Cognitive deficits worsen quality of life and raise dementia risk in Parkinson’s disease (PD) psychosis, but the trajectory has been unclear. Using Parkinson’s Progression Markers Initiative data, researchers followed 676 drug-naïve patients with PD and 187 healthy controls over 5 years, classifying PD participants who developed psychosis (PDP) versus those who did not (PDnP) via the Movement Disorders Society Unified Parkinson’s Disease Rating Scale part I hallucinations/psychosis item. Repeated cognitive assessments spanned memory, visuospatial skills, language/fluency, processing speed, and global cognition. Change was modeled with linear mixed effects, adjusting for age, sex, ethnicity, education, and neuropsychiatric/PD variables to reduce confounding.
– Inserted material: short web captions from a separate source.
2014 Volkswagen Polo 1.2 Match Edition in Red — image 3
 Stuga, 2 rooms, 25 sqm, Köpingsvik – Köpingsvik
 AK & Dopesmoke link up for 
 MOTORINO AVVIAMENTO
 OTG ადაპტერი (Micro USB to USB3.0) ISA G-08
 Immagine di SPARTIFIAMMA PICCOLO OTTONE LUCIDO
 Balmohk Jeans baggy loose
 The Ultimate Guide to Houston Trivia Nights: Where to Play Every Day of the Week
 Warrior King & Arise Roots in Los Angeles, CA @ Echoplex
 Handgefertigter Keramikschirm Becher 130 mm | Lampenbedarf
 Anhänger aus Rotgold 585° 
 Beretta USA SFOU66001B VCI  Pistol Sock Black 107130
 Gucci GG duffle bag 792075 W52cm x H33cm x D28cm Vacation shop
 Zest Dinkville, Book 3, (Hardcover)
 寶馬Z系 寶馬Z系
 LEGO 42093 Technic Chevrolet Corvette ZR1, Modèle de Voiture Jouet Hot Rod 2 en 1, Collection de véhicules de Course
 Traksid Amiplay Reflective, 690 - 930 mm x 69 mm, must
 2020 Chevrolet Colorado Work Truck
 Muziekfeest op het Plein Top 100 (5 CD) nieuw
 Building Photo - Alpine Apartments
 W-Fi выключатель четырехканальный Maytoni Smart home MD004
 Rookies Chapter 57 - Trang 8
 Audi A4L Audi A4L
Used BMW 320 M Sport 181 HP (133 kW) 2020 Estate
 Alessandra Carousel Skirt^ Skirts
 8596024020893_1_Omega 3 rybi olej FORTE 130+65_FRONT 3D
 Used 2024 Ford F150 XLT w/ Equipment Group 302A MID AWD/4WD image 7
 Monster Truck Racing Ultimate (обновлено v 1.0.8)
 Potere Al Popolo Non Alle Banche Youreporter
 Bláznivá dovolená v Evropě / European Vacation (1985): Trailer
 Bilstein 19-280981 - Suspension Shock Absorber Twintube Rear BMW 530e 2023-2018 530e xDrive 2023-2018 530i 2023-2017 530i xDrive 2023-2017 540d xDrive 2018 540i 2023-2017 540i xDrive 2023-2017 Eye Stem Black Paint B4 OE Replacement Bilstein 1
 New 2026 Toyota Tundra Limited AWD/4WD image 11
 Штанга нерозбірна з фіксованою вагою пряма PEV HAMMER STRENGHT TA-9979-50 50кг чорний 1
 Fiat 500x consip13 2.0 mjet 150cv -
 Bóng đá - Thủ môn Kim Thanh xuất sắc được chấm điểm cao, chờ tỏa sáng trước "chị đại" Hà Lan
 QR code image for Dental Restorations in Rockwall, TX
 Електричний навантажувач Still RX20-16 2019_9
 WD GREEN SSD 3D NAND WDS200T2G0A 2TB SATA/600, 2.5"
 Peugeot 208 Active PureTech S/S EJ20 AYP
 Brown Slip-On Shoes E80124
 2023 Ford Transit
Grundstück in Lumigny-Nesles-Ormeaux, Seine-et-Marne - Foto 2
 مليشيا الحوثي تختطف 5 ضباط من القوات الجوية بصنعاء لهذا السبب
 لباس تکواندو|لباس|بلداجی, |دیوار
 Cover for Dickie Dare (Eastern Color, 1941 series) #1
At baseline, PDP and PDnP did not differ cognitively, and PD performed worse than controls on most tests. Over 5 years, however, PDP showed steeper declines than PDnP across immediate and delayed recall, global cognition, visuospatial ability, semantic fluency, and processing speed. These differences persisted after adjustments for depression, daytime sleepiness, rapid eye movement sleep behavior disorder, and motor severity, implicating psychosis emergence as a marker of accelerated, domain-wide cognitive deterioration. These results argue for closer cognitive surveillance when psychosis appears, incorporation of cognitive endpoints in PD psychosis trials, and earlier, targeted interventions to mitigate downstream functional impact.

Reference: Pisani S, Gosse L, Aarsland D, et al. Parkinson’s disease psychosis associated with accelerated multidomain cognitive decline. BMJ Ment Health. 2024;27(1):1-10. doi: 10.1136/bmjment-2024-301062.